Denise Ayer and her husband serve as pastors of New Life Church in Canton, Pennsylvania. A lifelong servant in ministry, Denise has spent the past decade in full-time pastoral leadership and is ordained through Destiny Leaders. Her heart for global missions has taken her around the world—she has served as a short-term missionary in El Salvador and participated in or led teams to Uganda, Nicaragua, Brazil, the Philippines, and Honduras.
Raised in the church, Denise has long carried a passion to serve the Lord and advance His Kingdom. She holds a Master’s degree in Women and Theology and is deeply committed to seeing women walk in the freedom, healing, and identity found through the finished work of the Cross. As an advocate for women in every stage of life, she is a passionate voice for their intrinsic value as image-bearers of God (Imago Dei).
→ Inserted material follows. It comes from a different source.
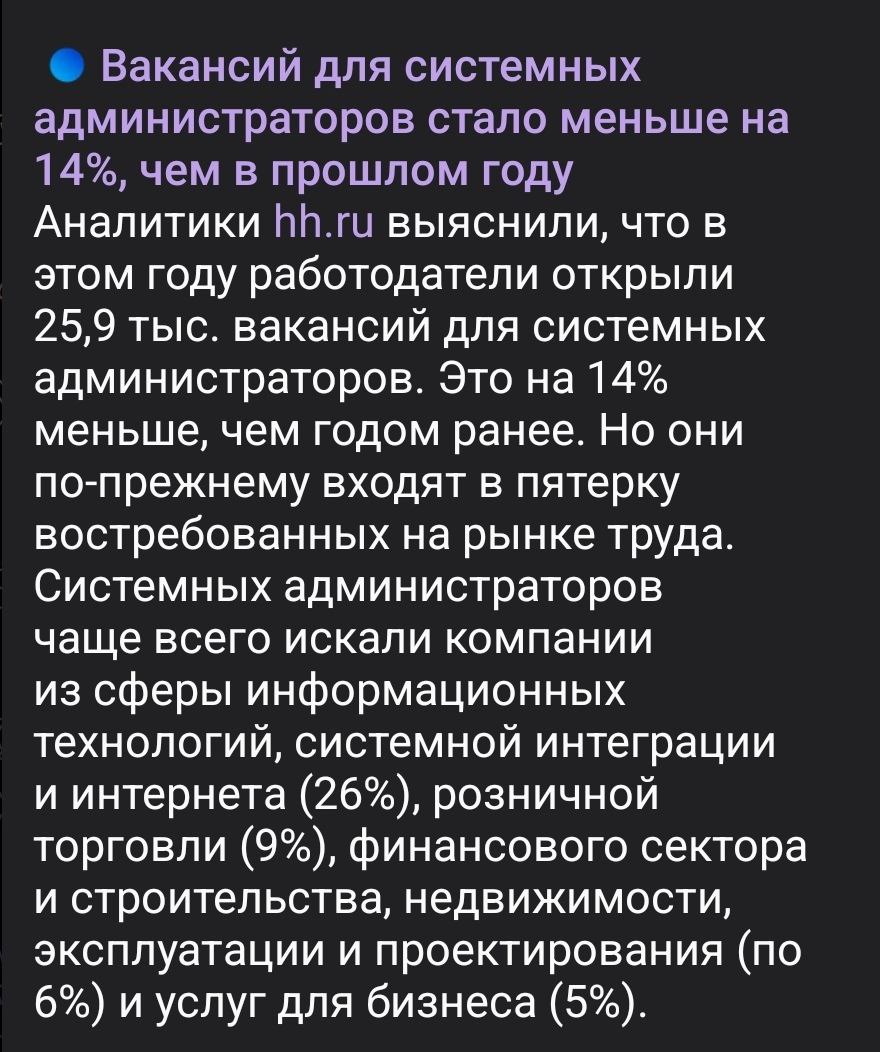 Единственная новость на сегодня
#новостирынкатруда | Сетка — социальная сеть от hh.ru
Denise believes Eden-like healing is available for all of God’s people—because she’s lived it. A testimony of God’s redemptive grace, she now walks alongside others as they pursue wholeness and victory in Christ.
She has been married to David for 27 years and is originally from Milwaukee, Wisconsin (Go Pack Go!). Denise is the proud mother of Moriyah and Gavrielle, joyful “Coco” to her red-headed grandson Ari Reign, and the self-declared most incredible mother-in-law in history to Colin.